When comparing Byrd’s set with John Bull’s in the two recordings described here, one can at best identify some remote references to Byrd’s composition in John Bull’s work (the pitch is not the same in the two recordings — probably a’ = 415 Hz vs. a’ = 392 Hz — which makes direct comparisons a bit tricky for non-experienced listeners). John Bull’s pair is the longest of the three in Kathryn Cok’s recording — and I find it the nicest and most artful of the three sets, one of the highlights on this CD.

In Nomine

Another, definitive highlight is the In Nomine — one of 12 that John Bull has written. According to Wikipedia, the In Nomine originated in the early 16th century from a six-voice mass composed before 1530 by John Taverner on the plainchant “Gloria Tibi Trinitas”. In the Benedictus section of this mass, the Latin phrase “in nomine Domini” was sung in a reduced, four-part counterpoint, with the plainchant melody in the mean part (…). At an early point, this attractive passage became popular as a short instrumental piece, (…). Over the next 150 years, English composers worked this melody into “In Nomine” pieces of ever greater stylistic range.

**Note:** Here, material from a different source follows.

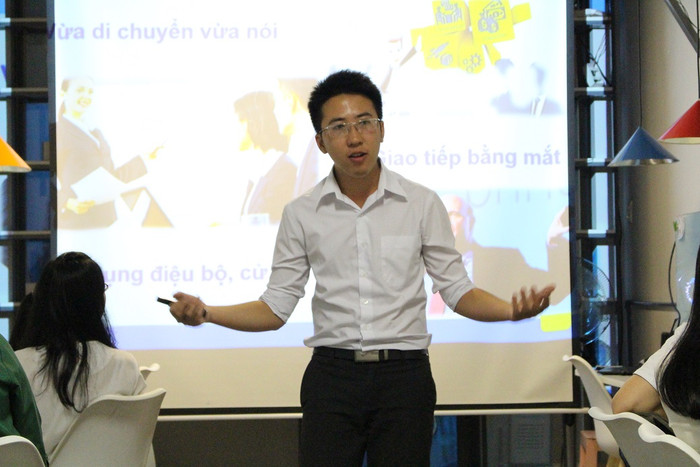 Vĩnh mở lớp không chỉ để dạy mà là cơ hội để học hỏi kinh nghiệm của các đồng nghiệp khác - ảnh: NVCC Vĩnh mở lớp không chỉ để dạy mà là cơ hội để học hỏi kinh nghiệm của các đồng nghiệp khác - ảnh: NVCC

Bull’s In Nomine may be the most prominent example of an “In Nomine” for keyboard instruments (as opposed to polyphonic pieces for various instrumental consorts used most often). Another masterwork, harmonically rich, often intricate, exploring the very limits of the playable tonalities in quarter-comma meantone temperament tuning — fascinating!

Walsingham

With a duration of over 17 minutes, the biggest piece on this CD, Walsingham, is almost a monster (Kathryn Cok calls it monumental) — a rich, artful, elaborate set of variations (apparently John Bull’s specialty!), based on a popular melody in the early 16th century. Other composers used that same theme as well. The most well-known predecessor, also a set of variations, probably is William Byrd’s “Have with yow to Walsingame” (BK 8, included on CD #2 of Davitt Moroney‘s recording shown below). Just to put the duration in perspective: within the complete keyboard works of William Byrd, the longest piece, “The Battell” (BK 94, included on CD #7 in the set below) takes close to 13 minutes, the second longest is “Have with yow to Walsingame” with 9.5 minutes.

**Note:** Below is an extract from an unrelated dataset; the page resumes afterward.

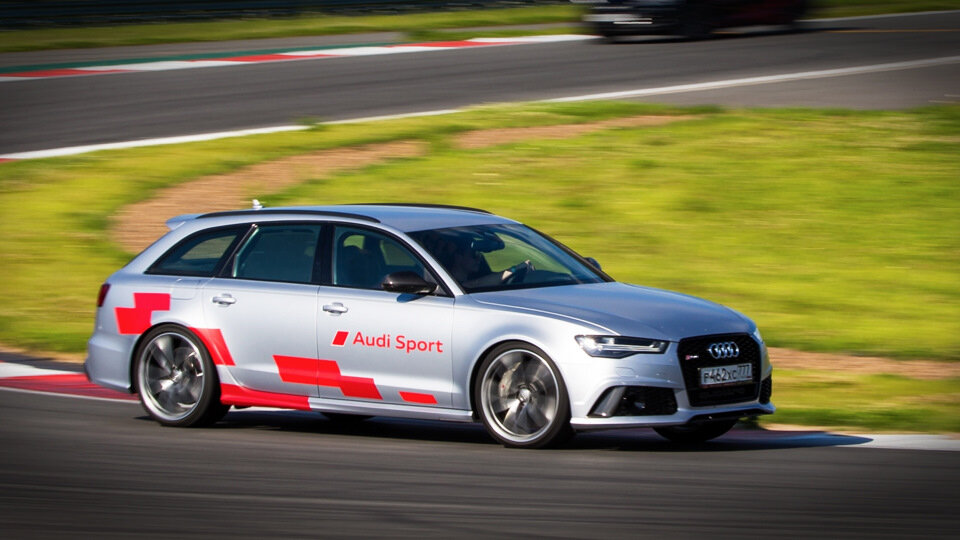 На треке RS 6 очень напоминает белого лебедя. Только не летящего, а плывущего. С виду она элегантно едет по асфальту, словно изящная птица плывёт по водной глади. Правда, в это время лебедь очень усердно шевелит лапками, а эрэска очень активно шуршит системой стабилизации, чтобы не облажаться.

However, the two compositions are hardly comparable, i.e., they are very different: Bull uses a wide range of variations in harmony, rhythm, and ornamentation; William Byrd’s variations fascinate through its careful “orchestration”, leading to fascinating climaxes with elaborate ornamentation: here, I find Byrd’s composition more impressive, more involving (compared to Bull’s).

Note that in the recording below (also for the “Quadran Paven & Galliard“), Davitt Moroney plays a more recent type of harpsichord, a replica of an instrument by Ioannes Couchet, Antwerp, from 1679 (built by Reinhard von Nagel, Paris) — an instrument with two manuals, 4′ and 2 x 8′ stops, with lute stop, giving a broader range of possibilities, which Davitt Moroney of course explores to full extent in these variations.

John Bull’s “Selfies”

For all remaining pieces, Kathryn Cok plays on a virginal (see above). The instrument is clearly discernible from the harpsichord, through its darker, maybe more “archaic” sound, with fewer harmonics. There is a single 8′ stop, i.e., there is no variability by combining stops or manuals, etc., it therefore makes sense to use this instrument for the shorter pieces only.

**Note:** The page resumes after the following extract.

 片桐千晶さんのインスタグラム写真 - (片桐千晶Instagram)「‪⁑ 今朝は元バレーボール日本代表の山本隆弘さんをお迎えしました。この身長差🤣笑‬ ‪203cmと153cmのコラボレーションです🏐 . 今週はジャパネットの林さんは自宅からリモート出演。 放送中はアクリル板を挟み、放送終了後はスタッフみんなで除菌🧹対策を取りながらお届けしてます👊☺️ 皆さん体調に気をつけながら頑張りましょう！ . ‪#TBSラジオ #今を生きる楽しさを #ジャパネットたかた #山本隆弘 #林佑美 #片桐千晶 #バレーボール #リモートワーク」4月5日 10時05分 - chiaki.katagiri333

Three of these pieces (all 2 – 3 minutes) are little character pieces describing (the composer’s?) characters, states of mind — all, indeed, little jewels (as the title of the third piece below, also referred to in the title of the CD, indicates):

  • Bull’s Goodnight
  • My Self
  • My Jewel

More Hits

Finally, there are two more pieces in Kathryn Cok’s recording:

  • The King’s Hunt — this is definitely another highlight in this recording. A fascinating, enthralling piece (an early “hit”, I would say) that in many ways reminds of the various “battle” pieces of the time (such as William Byrd’s “The Battell”, BK 94, included on CD #7 in the set below). This sounds like a heated, if not hectic, hunt, indeed. One can easily picture the king and his people riding on horses, through woods and fields.
  • Bonny Peg of Ramsey — compared to “Walsingham”, this is a minuscule — but nevertheless lovely! — set of variations on a popular ground of the time.

Conclusion:

This CD is definitely worth a warm recommendation: if you are looking for an entry point into pre-baroque instrumental music (especially keyboard music with pre-baroque tuning) — here it is (if only the CD was more readily available!)!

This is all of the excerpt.